[Exercise description]:
Copy out exactly the stretch of the listing below that begins at the line containing "Cascada Del Mulino" and ends at the line containing "Used 2025 Genesis G70 2.5T image 16", and copy nothing outside it.

[Information provided]:
○ ○ ○ ○ ○

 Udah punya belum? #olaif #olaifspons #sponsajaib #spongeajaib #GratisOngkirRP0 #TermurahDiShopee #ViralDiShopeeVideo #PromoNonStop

○ ○ ○ ○ ○

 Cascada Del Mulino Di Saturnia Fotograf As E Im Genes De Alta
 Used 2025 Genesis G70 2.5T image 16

○ ○ ○ ○ ○

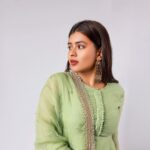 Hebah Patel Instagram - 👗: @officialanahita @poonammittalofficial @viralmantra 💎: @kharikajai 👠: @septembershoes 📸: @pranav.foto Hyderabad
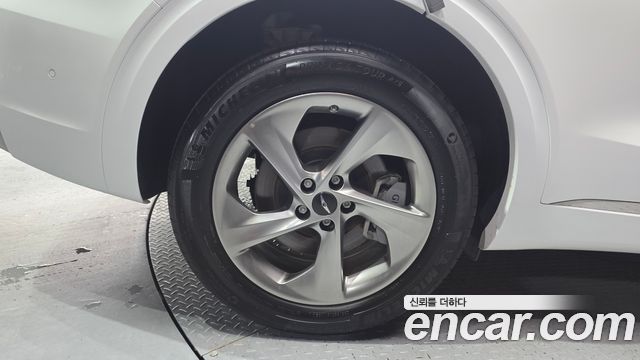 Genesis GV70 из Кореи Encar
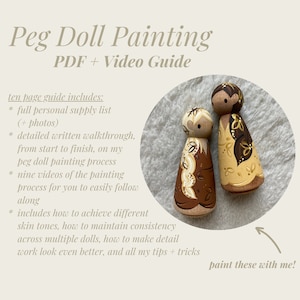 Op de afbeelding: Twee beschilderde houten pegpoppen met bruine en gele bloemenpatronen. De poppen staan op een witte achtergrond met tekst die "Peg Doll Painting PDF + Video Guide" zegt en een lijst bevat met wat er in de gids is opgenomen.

○ ○ ○ ○ ○

[Expected answer]:
 Cascada Del Mulino Di Saturnia Fotograf As E Im Genes De Alta
 Used 2025 Genesis G70 2.5T image 16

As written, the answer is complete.